Quando o meu grupo de leitura Papalivros decidiu que o final do ano seria dedicado à leitura de Eu vou, Tu vais, Ele vai, da autora alemã Jenny Erpenbeck, tradução de Sergio Tellaroli [Cia das Letras: 2024] confesso ter tido algum receio. Talvez fosse mais um livro dos tantos que apareceram nos últimos anos com agenda política ostensiva, uma das heranças mais limitantes que recebemos do filósofo francês Sartre, amplamente abraçada por militantes de minorias mundo afora, defendendo que a literatura só tem valor se politicamente comprometida.

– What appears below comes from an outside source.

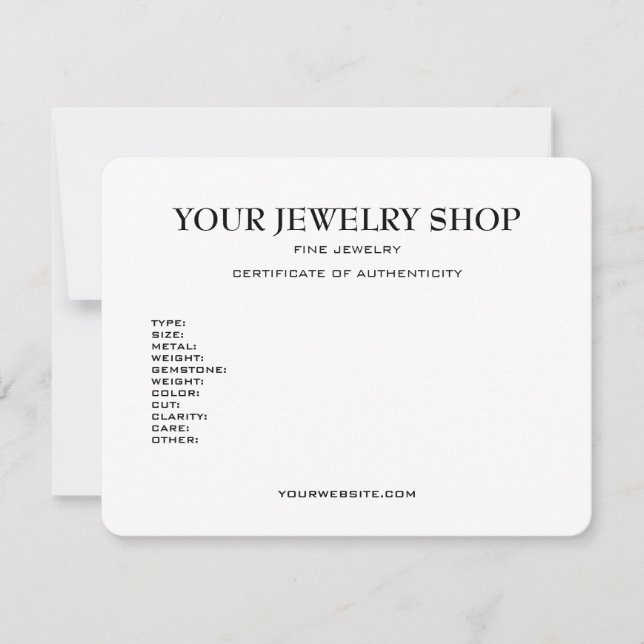 Plantilla de certificado de autenticidad de joyerí (Anverso)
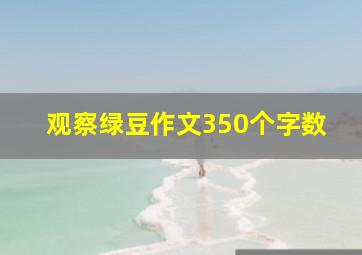 观察绿豆作文350个字数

Mas que bela surpresa tive: o livro é um escrupuloso relato das dificuldades dos países europeus em aceitarem responsabilidade sobre refugiados de guerra e imigrantes. E da tribulação por que esses refugiados, sem terra, sem emprego, sem conhecimento linguístico passam sem obter resultados positivos para a retomada de uma vida proveitosa.  Aos poucos nos envolvemos com cada um dos personagens pelos olhos de um professor de literatura clássica, que ao se aposentar e por acaso, passa a se interessar por um grupo de homens, a maioria do norte da África, que pede asilo político em Berlim.  Sua adaptação à nova vida sem as obrigações da universidade é lenta. Confronta o final de carreira e a aproximação do final de vida.  A esposa já faleceu, e a morte parece presente, bem próxima mesmo, desde que um homem se afoga no lago próximo à sua casa. Este contraponto é finamente entrelaçado na narrativa que se torna ainda mais rica quando através da perspectiva do professor vemos paralelos entre os refugiados e antigos heróis gregos da Ilíada.

 

 

 

A riqueza das  referências aos clássicos da literatura ocidental, dos gregos aos romanos, Homero, Ovídio,  tecidas junto a referências contemporâneas como “O tempo que passa: ensaio sobre a espera” de  Andrea Köhler ou lendas medievais, como O romance de Tristão e Isolda, toda elas parte do fluxo de consciência contínuo de Richard, o professor que  seguimos em seu novo papel de aposentado e interessado na vida além paredes universitárias, é a cereja do bolo dessa leitura. Entre os bônus dessas associações de ideias estão também os cognomes que ele dá aos asilados para melhor caracterizá-los para si mesmo e para o leitor.  Richard identifica história, personalidade e saga de cada um e os liga a personagens clássicos. Mesmo que o leitor não esteja familiarizado com essas referências, a leitura corre suave, mas se você as conhece, o prazer dos sorrisos de reconhecimento é enorme.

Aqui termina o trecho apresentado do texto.